*** Exercise material
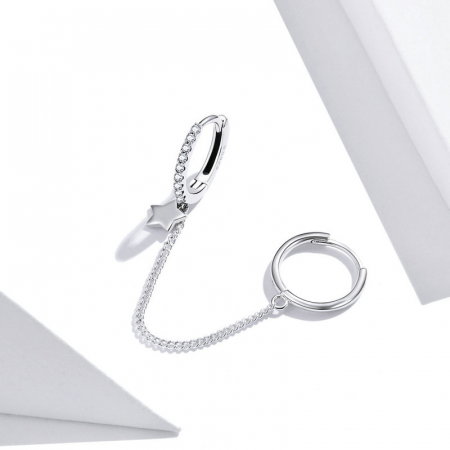 Cercel argint lant cu steluta si zirconii [5]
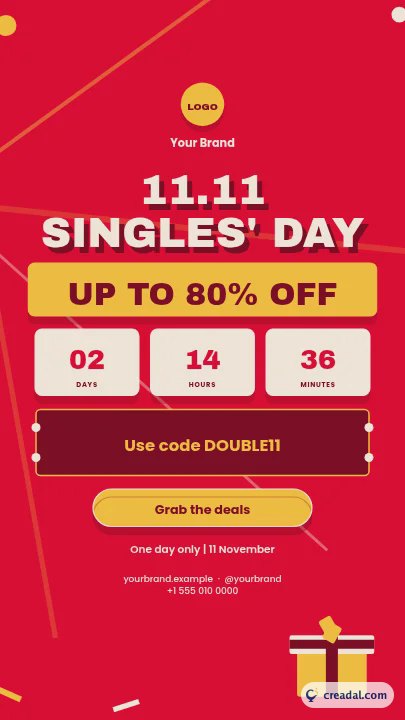 Singles Day 11.11 Rabatt: Instagram-Story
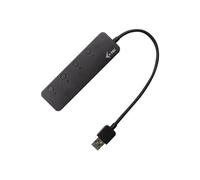 i-Tec USB 3.0 Metal HUB 4 Port with individual On/Off Switches - Concentrateur (hub) - 4 x SuperSpeed USB 3.0 - de bureau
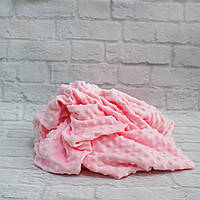 Плюшевая ткань Minky розовый (плот. 280 г/м.кв)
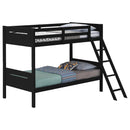 Littleton Wood  Over  Bunk Bed Black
******
## Assignment
Leaving out the pictures, print every record exactly as written.

## Written solution
 Cercel argint lant cu steluta si zirconii [5]
 Singles Day 11.11 Rabatt: Instagram-Story
 i-Tec USB 3.0 Metal HUB 4 Port with individual On/Off Switches - Concentrateur (hub) - 4 x SuperSpeed USB 3.0 - de bureau
 Плюшевая ткань Minky розовый (плот. 280 г/м.кв)
 Littleton Wood  Over  Bunk Bed Black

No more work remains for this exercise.